Awakening in the night to the barely articulated thought reverberating in my mind: “where is he?” repeated at odd intervals.  The darkness gave no answer.  I was utterly lost and bereft.  I very desperately needed to find out what might be “wrong” with me that I felt such an absence in my life no matter how I sought to fill it with activity, family, and all the accoutrements of modern society.  No matter what I did, no matter who I was with, I felt alone.  Repeating dreams that circled around a theme of tragedy and loss were a puzzle as well.  I awakened from these dreams soaked in cold sweat, my heart pounding, crying in soul deep grief.

After the battering I had taken for 28 years, my hopes of finding The One had faded.  I’d bought into the psychological interpretations of my tendre and became convinced that I must “be happy” if I expected to “find happiness”.

I shoved my dreams under the rug and married Larry (after his divorce), securing my life to an anchor that I thought would normalize and stabilize me.  More than anything, I was tired.  I was tired of searching, tired of fighting, tired of being used.  I put away my books on mysticism and metaphysics, gave up my classes in meditation and hypnosis, and focused on going to church and devoting my attention to learning how to be a born again Christian under the tutelage of my chosen partner.

Larry was chosen not because of love or lust, but simply because I was too tired to fight anymore.

Believing that he was going to be a father, (yes, I engineered relations in time and I lied), Larry left his wife without much more than a second thought.  In retrospect, I see that I was as good an excuse as any other for him to do what he wanted to do anyway.  But there was something more subtle and destructive in operation here: the Fundamentalist nature of the religious upbringing he had been exposed to.

Even though I needed him more than she did, two innocent babies also needed him, and his wife was a “millstone about his neck” with her drunken ways and rejection of God, Larry still felt guilty because he was also doing something that gave him pleasure.  He wanted me physically, and that was, in his mind, the sin.  And so I had to be punished.  He was willing to fulfill his duty, but it must not be enjoyed.  And when he found himself enjoying it, he had to punish himself and that other participant in his happiness:  Me.

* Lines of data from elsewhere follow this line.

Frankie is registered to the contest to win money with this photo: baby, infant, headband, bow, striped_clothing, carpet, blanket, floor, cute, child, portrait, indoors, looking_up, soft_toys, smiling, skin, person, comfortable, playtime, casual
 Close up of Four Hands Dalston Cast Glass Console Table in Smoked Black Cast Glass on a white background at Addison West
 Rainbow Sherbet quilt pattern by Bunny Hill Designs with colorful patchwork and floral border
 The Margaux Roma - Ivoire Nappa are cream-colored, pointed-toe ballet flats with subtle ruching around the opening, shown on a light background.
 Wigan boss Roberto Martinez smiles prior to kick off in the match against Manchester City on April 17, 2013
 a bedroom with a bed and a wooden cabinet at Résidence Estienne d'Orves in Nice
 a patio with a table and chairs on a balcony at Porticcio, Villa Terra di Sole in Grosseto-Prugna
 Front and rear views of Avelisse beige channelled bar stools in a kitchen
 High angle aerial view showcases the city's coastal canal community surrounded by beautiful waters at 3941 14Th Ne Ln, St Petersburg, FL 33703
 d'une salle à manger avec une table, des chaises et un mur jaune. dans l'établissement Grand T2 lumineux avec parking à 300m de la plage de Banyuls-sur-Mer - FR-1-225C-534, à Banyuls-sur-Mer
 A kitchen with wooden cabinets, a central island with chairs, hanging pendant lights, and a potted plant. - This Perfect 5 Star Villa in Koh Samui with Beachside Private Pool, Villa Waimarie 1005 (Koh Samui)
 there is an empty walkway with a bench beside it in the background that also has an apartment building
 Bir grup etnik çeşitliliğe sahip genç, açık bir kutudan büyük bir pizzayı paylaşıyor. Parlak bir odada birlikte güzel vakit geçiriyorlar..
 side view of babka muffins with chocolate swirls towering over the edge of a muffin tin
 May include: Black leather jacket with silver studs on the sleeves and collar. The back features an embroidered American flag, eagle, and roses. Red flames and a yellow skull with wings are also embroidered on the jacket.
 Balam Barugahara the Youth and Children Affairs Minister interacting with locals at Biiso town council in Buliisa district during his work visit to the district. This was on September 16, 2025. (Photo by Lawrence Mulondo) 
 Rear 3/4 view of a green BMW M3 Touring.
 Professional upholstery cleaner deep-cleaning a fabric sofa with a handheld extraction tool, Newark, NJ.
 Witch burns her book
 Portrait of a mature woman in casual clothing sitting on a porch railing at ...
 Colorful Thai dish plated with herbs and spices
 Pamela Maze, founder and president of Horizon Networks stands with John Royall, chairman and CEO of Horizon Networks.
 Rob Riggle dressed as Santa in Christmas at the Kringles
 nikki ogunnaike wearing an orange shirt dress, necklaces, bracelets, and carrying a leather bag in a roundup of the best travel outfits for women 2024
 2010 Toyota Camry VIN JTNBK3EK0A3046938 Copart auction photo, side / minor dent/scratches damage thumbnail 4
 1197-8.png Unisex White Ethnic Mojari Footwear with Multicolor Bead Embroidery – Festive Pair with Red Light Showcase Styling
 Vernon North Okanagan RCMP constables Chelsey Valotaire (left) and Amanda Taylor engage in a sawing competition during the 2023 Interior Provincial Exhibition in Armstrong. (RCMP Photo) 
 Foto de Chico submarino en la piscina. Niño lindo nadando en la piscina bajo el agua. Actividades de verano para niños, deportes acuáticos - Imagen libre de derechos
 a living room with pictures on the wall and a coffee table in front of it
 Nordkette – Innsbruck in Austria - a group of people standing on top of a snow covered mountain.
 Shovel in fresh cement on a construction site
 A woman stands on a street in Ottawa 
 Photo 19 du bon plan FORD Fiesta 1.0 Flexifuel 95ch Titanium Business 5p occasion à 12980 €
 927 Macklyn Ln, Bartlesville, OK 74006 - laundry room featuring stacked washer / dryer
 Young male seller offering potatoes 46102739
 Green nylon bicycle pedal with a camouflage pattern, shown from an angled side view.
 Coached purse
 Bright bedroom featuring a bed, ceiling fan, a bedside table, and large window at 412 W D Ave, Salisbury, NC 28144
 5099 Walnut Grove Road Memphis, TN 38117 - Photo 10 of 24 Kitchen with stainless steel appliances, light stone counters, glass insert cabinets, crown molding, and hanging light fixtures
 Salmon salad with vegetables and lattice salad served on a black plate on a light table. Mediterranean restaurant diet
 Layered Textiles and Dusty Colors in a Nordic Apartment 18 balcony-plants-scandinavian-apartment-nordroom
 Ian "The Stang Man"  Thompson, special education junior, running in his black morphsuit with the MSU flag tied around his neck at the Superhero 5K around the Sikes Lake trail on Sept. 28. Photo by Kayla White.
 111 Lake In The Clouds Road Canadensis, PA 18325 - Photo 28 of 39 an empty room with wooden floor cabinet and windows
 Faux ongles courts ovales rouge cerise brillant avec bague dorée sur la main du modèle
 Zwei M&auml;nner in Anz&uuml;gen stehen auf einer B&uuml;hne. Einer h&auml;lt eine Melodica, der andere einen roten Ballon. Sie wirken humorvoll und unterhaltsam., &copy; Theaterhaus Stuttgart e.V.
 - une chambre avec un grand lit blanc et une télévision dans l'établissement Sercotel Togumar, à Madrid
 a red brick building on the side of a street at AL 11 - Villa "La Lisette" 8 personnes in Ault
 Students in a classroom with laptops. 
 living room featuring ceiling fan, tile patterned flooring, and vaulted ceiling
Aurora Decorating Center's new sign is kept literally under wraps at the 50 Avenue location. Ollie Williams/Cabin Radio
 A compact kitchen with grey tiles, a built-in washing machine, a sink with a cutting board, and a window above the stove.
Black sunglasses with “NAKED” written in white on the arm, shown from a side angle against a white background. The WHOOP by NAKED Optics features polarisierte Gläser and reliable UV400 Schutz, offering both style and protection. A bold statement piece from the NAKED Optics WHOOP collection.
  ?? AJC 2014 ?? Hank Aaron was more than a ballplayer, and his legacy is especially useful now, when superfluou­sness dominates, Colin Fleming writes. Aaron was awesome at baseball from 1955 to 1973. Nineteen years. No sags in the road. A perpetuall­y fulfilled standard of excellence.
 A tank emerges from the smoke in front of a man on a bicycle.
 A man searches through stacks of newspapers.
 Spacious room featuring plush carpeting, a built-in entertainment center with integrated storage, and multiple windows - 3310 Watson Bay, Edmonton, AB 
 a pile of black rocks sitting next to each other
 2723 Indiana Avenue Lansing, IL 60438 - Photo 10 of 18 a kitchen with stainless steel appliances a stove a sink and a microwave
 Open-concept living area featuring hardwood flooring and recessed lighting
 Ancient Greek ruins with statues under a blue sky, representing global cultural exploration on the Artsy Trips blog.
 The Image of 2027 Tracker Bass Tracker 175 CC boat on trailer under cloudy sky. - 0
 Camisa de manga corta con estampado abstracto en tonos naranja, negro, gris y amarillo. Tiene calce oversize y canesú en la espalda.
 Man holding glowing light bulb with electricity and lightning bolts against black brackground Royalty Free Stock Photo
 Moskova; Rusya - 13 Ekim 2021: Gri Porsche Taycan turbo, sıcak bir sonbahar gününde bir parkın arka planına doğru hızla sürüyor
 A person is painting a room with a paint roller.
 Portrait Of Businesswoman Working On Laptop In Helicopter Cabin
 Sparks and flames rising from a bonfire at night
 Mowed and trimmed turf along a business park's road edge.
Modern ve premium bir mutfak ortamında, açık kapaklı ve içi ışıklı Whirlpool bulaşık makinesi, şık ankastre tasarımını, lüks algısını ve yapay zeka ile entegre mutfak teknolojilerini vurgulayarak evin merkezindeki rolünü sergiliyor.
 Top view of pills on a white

Larry’s parents, despite their indulgence, also crushed his natural self with threats of hell-fire and damnation and demands that he perform to a certain standard that was, I can assure you, completely unreasonable and even inhuman.  So he felt a lack of motivation and enthusiasm that soon became emotional paralysis.  As he grew up, he began to identify with God and his parents – the oppressors – and his mode of action was to treat himself and others in a harshly judgmental way.  His religion would not allow him to be overtly abusive.  There had to be a “righteous” reason.  He was full of anger at God and his parents for not accepting him as he was, but terrified of the possibility of unleashing this  rage.  It was easier to just turn off emotions than to have to deal with the truth.  He loved his parents, he loved God, right?  His parents and God must be right, right?  So, how could he be angry?

Well, he was.  But he could not express it overtly, so he managed to express this anger by his inertia; this emotional and psychological paralysis; he was a master of passive aggression.  He could not allow himself to succeed at anything, whether it was a career, a marriage, or even a fairly simple task, because that would have given his parents something to be proud of.  Larry didn’t care what other people thought or expected.  He was a rebel.  But he was truly a rebel without a cause.

I saw it as my job to heal him.

Larry was not a self-starter except in activities that would most assuredly not lead to success.  Of course, once his engine was turned on – in an activity that was not a threat to his need to be a failure – he could work like a machine.  I never saw anyone who could work so long and so hard at something that was almost completely useless.  Larry could put in a shocking amount of time to very little effect.  He didn’t seem to know why some work is valued more highly than other work.  Because of his religious training, he did believe that you’re supposed to work and not be lazy.  So, he kept himself constantly occupied.  He seemed to be doing it just to say that he was working, to get admiration and establish his power.  After all, if he was working so hard, the family must honor that!  Yet, over time I noticed that when he worked, he didn’t really pay attention to what he was doing.  He seemed to prefer the easy way at every turn, with the end result that he managed to be a workaholic and extremely lazy at the same time.  Larry measured his work only by how much time he spent on it, not by what he produced.  He sought my praise and approval for the fact that he exerted the effort and could never understand why I valued results, not energy expenditure.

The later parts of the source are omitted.